INTRODUCTION TO PARALLEL COMPUTING

COURSE NUMBER: ECE 358

INSTRUCTOR:  Prithviraj Banerjee

CATALOG DESCRIPTION :

Introduction to parallel computing for scientists and engineers. Shared memory parallel architectures and programming, concepts using shared address space, locks, events, barriers, loop scheduling, compiler directives such as DOALL, portable parallel libraries such as PTHREADS. Distributed memory message-passing parallel architectures and programming, concepts including message sends and receives, global communication promitives, single-program multiple data (SPMD) programs, portable parallel message programming using MPI. Data parallel architectures and programming, concepts such as array sections and array operations, data distribution and alignment, languages such as High Performance Fortran (HPF). Parallel algorithms for engineering applications.

PRE-REQUISITES

ECE 361 (Computer Architecture) and ECE 230 (Programming for Computer Engineers) or equivalent.

REQUIRED TEXTS:

Class notes (copies of lecture transparencies) to be handed out to students.

RECOMMENDED TEXTS:

1. V. Kumar et al, Introduction to Parallel Computing , Benjamin Cummings Press, 1994.

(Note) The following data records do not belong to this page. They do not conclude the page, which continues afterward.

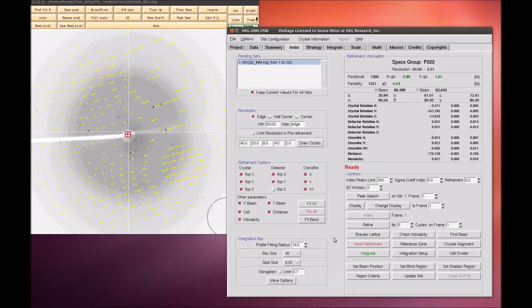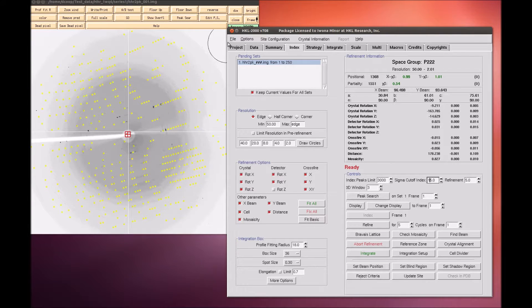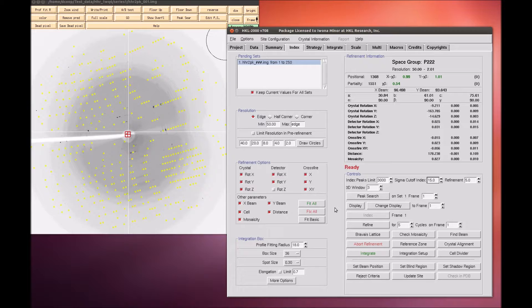This dataset indexes easily, but allow me to mention some things that can help index more difficult datasets. You can increase the number of peaks that are used for indexing, or increase the sigma level used for indexing. Increase the number of frames for indexing by performing a manual peak pick and picking peaks from several frames. See the HKL research video on advanced indexing for more tips.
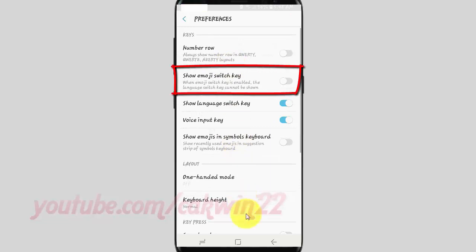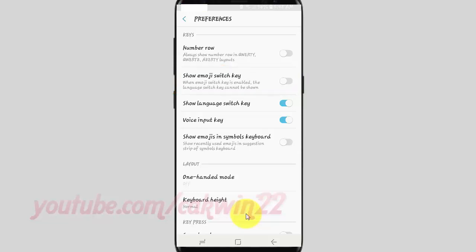Tap the Show Emoji switch key toggle until blue to enable, or tap until grey to disable.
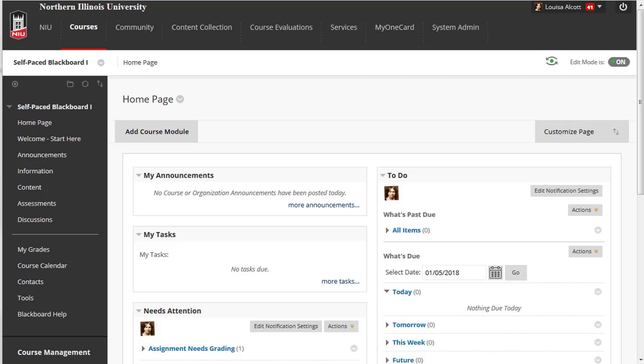The Student Preview feature in Blackboard is a way to approximate a student view of your course. This feature provides you with the ability to easily see the course exactly how your students would see it. In fact, this tool creates a temporary student account for you to use while previewing.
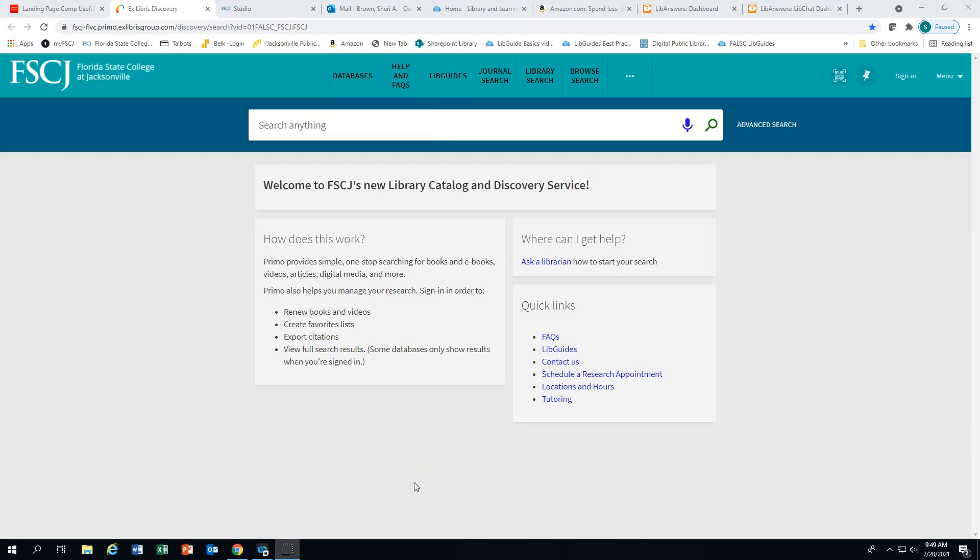Welcome to Primo, FSCJ's new library online catalog and discovery service.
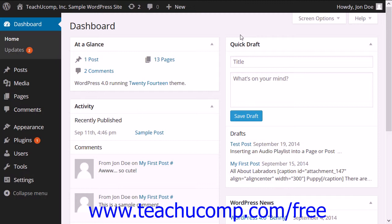Once you are registered with Gravatar, the service matches your WordPress profile information to the email address that you register with Gravatar. You can also use this avatar on other sites, as Gravatar will follow you from site to site based on the email address that you enter, and appear next to your name when commenting on articles and blogs on different websites.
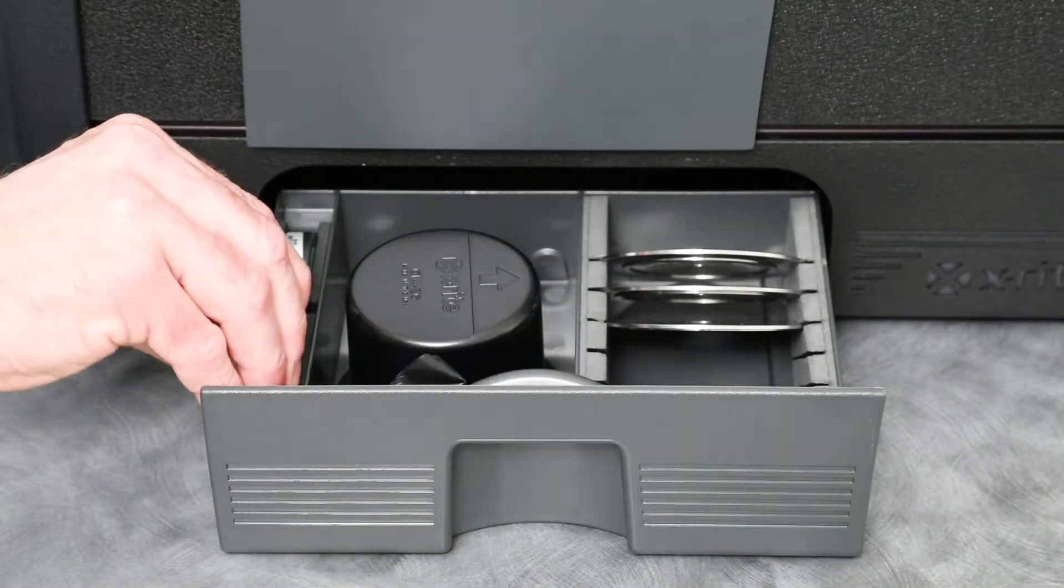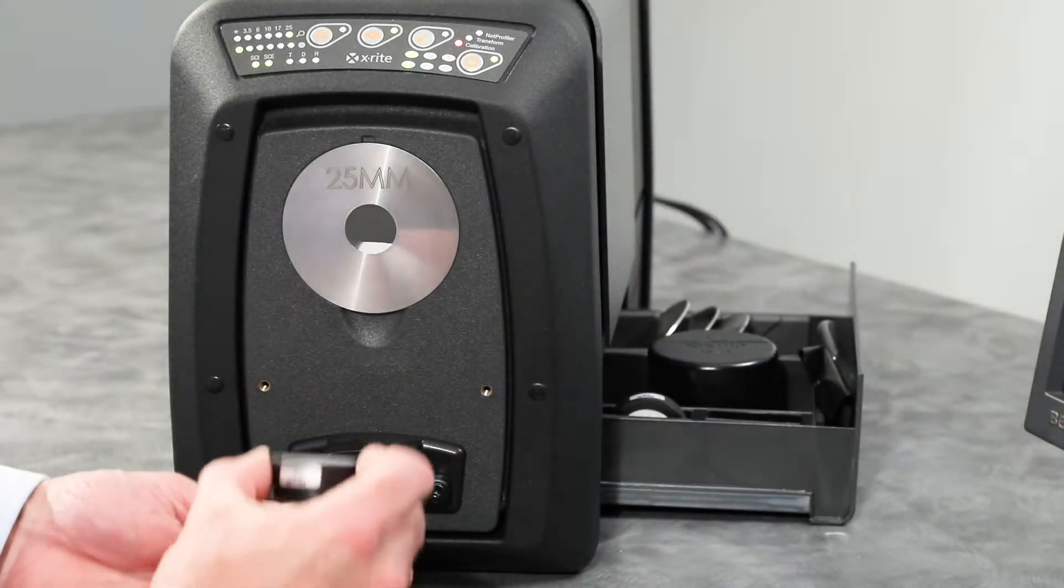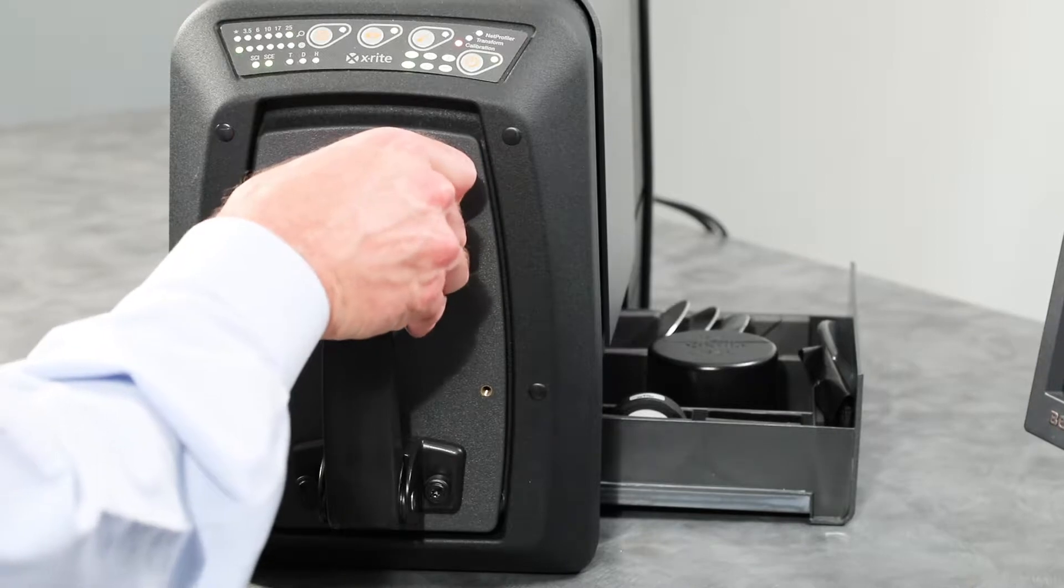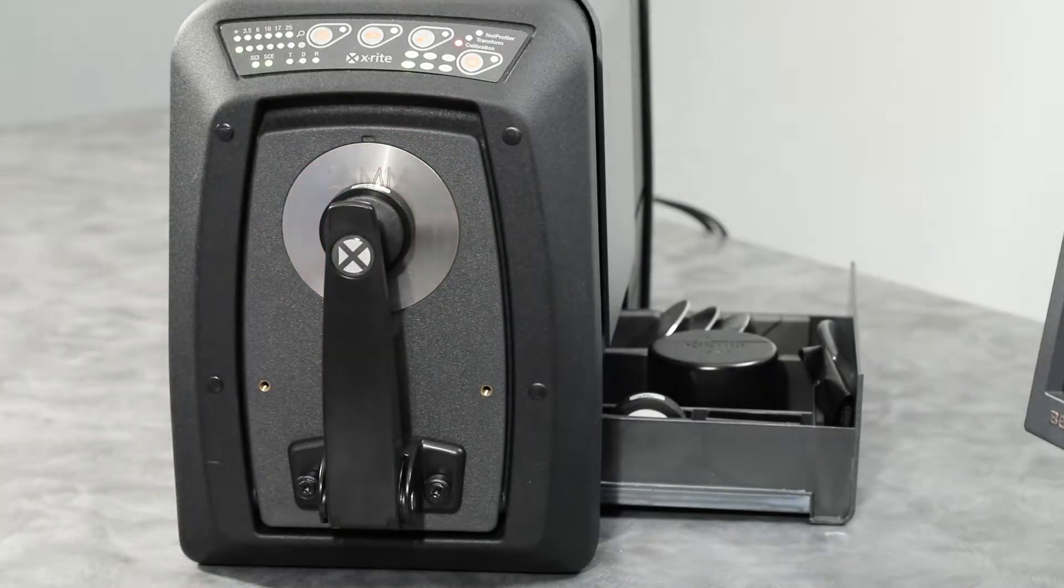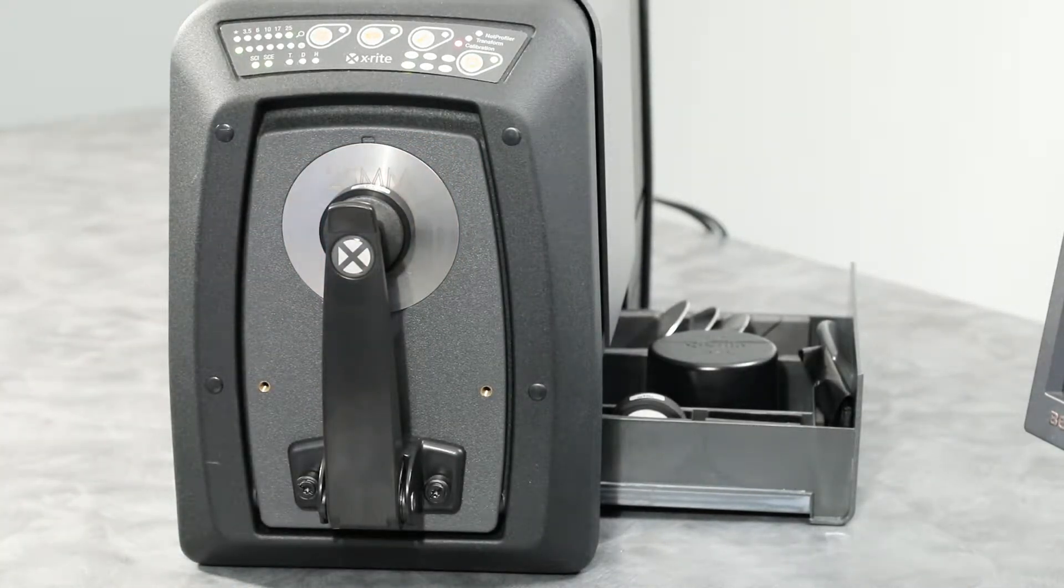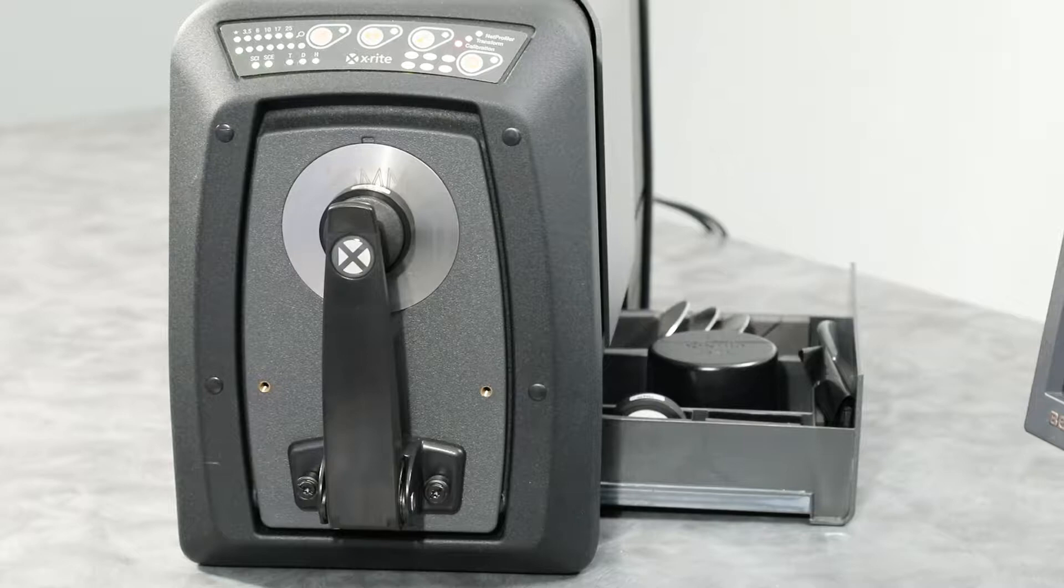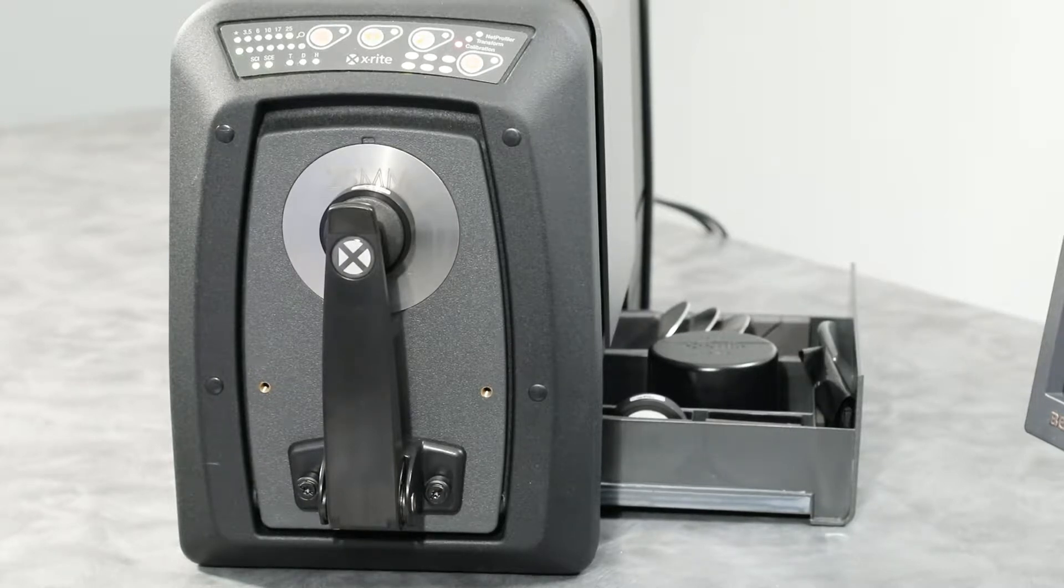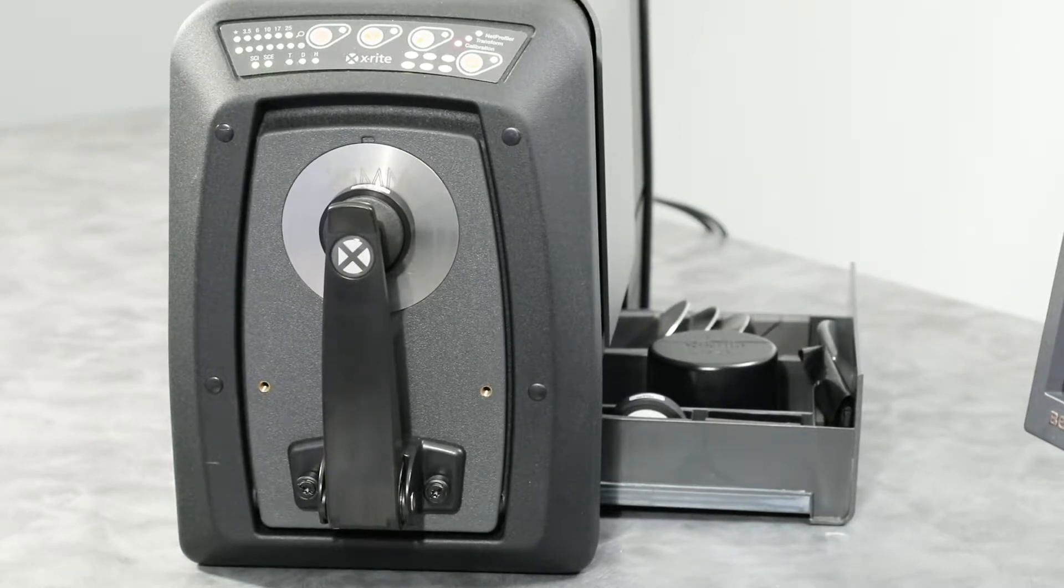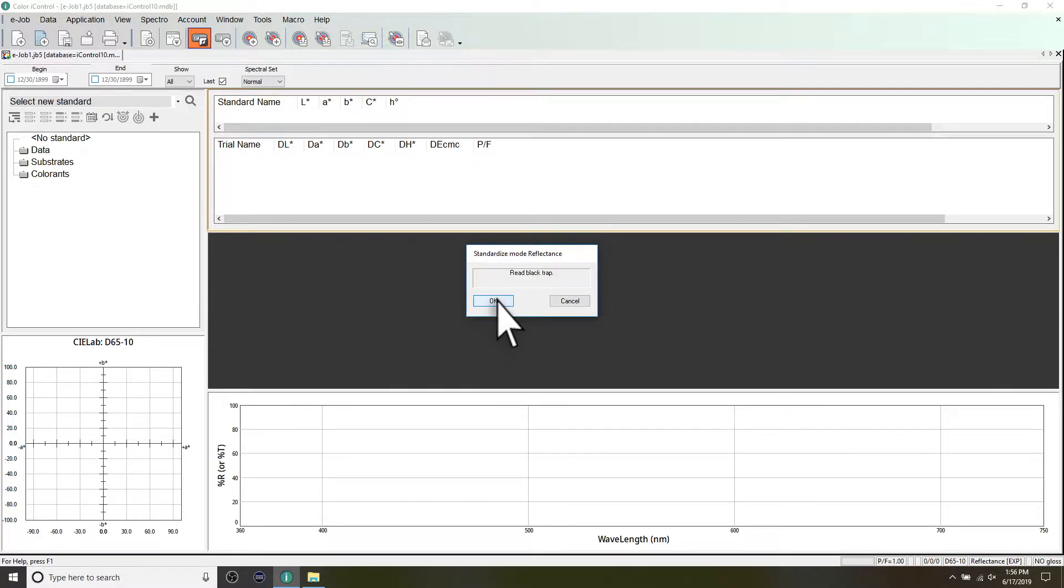Remove the white calibration tile from the accessory drawer and position it on the sample holder so that the white ceramic side is facing the aperture plate. The white tile's serial number should always be on top to ensure repeatability. Initiate the measurement from your software. After the measurement is complete, return the tile to your accessory drawer.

2. I. Foster, Designing and Building Parallel Programs , Addison Wesley, 1994.

3. B. Bauer, ``Practical Parallel Programming,'' Academic Press, 1992. Login to "origin.cpdc.ece.nwu.edu" and type "insight" for an online version.

4. W. Gropp et al, Using MPI: Portable Parallel Programming with the Message Passing Interface , MIT Press, 1994.

5. C. Koelbel et al, The High-Performance Fortran Handbook , MIT Press, 1994.

LABORATORY:

Northwestern University Center for Parallel and Distributed Computing Lab; accounts on various supercomputer centers to be arranged.

CLASS NEWSGROUP:

nwu.school.meas.class.ece-358

Fall 2002 Class

Lectures are Tuesdays-Thursdays 12:30-2PM, TECH LG66.
Instructor: Prith Banerjee, Office Hours Tuesdays 4-5PM, L352

GRADES:

Four homeworks and programming assignments (10 % each) - 40 % total

Two exams (30 % each) - 60 % total

LECTURE SCHEDULE:

For the current offering of the course in Fall 2000 quarter, look at the Fall 2000 Lecture Schedule

DETAILED COURSE OUTLINE :

The following is an approximate breakdown of topics that will be covered in this course (assuming each lecture is for 1.5 hours).

Lecture 1: Introduction to parallel computing: motivation for parallel computing, options of parallel computing, economics of parallel computing, basic concepts of parallel algorithms.

Lecture 2 : Introduction to parallel programming: data and task parallelism, coarse and fine grain parallelism, performance of parallel programs, load balancing and scheduling, analysis of simple parallel programs.

Lecture 3 : Overview of shared memory parallel architectures: memory organization, interconnect organization, cache coherence, case studies of machines such as SGI Challenge, IBM J-30, HP/Convex Exemplar.

Lecture 4 : Introduction to shared memory parallel programming: shared memory model, process creation and destruction, mutual exclusion, locks, barriers.

Lecture 5 : Explicit shared memory programming: loop scheduling, static and dynamic, loop parallelization strategies.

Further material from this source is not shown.